Guarantor Loan Scams And How To Avoid Them
You may have heard the phrase guarantor loan bandied about on the net quite a bit, so what exactly is a guaranteed loan, where can you obtain one and how do they work?
Well firstly, it is worth pointing out that a loan, any type of loan, is nearly always subject to a caveat or disclaimer that says a loan can only be guaranteed if certain conditions are met. There is a good reason why this is so because in the case of an unsecured loan, lenders are in a far weaker position than the borrower when it comes to rights about paying the loan back.
To qualify for this loan, you just need to find someone who can support your application that has a decent credit history, owns their home (outright or mortgaged) and is 21 or over. This will allow us to process your application as a supported or endorsed application and this means that it will be a lot easier for us to find you a loan.
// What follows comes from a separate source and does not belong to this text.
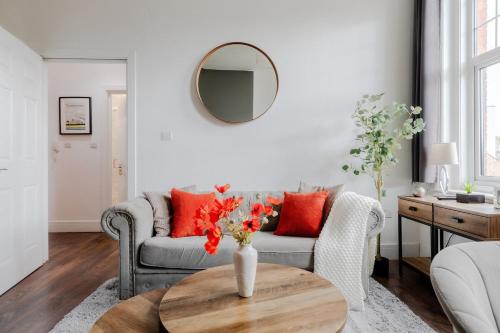 a living room with a couch and a table with red pillows at The Regency | Seafront Lux Apartments! in Southend-on-Sea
Guarantor loans allow someone who is likely to be refused for a traditional loan, an opportunity to borrow up to 5000, as long as they have someone else who can vouch for their application. This person will be guaranteeing that the loan will be repaid whatever the circumstances, so even if a borrower cannot repay the loan or will not repay the loan, then the guarantor will step in and ensure that the loan is repaid in full.
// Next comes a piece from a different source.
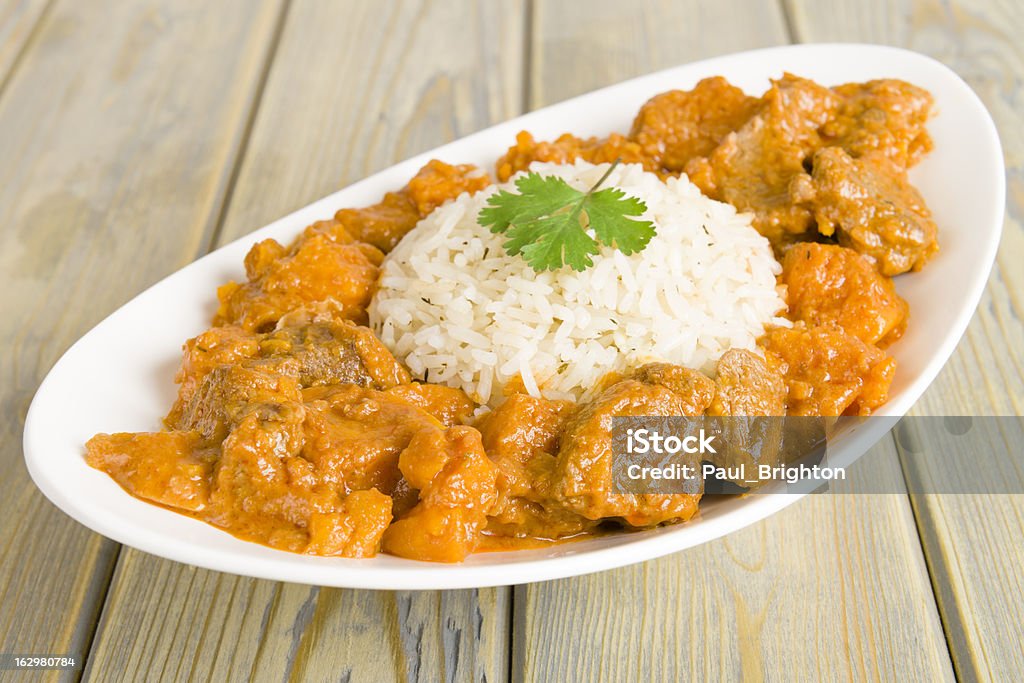 Caribbean Lamb and Sweet Potato Curry Lamb and sweet potato peanut stew served with white rice. Caribbean and West African traditional dish. Food Stock Photo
However, please be aware that some loan firms are purporting to offer guarantor loans to borrowers but amazingly (and we still cant get our heads around this one) they insist that the borrower must also have a decent credit history, in addition to the guarantor. Now forgive us if we have got the wrong end of the stick but isnt that the reason for a guarantor loan? If a borrower had a decent credit history then they wouldnt need a guarantor loan as they could walk into any high street branch and get approved for a loan in no time. Very odd indeed.
A guarantor loan is an unsecured loan which means that a lender is effectively lending someone the cash without having any security against that loan. That means that the borrower does not have a house to put up against the loan. Why should this matter you may ask yourself? Well, it means that if the borrower of an unsecured loan is unable to pay the loan back (or doesnt want to repay the loan) then the lender is going to find it very difficult to get this money back from the borrower. Yes, they could take them to court and apply a county court judgement against the borrower but it still does not mean that the lender will get repaid.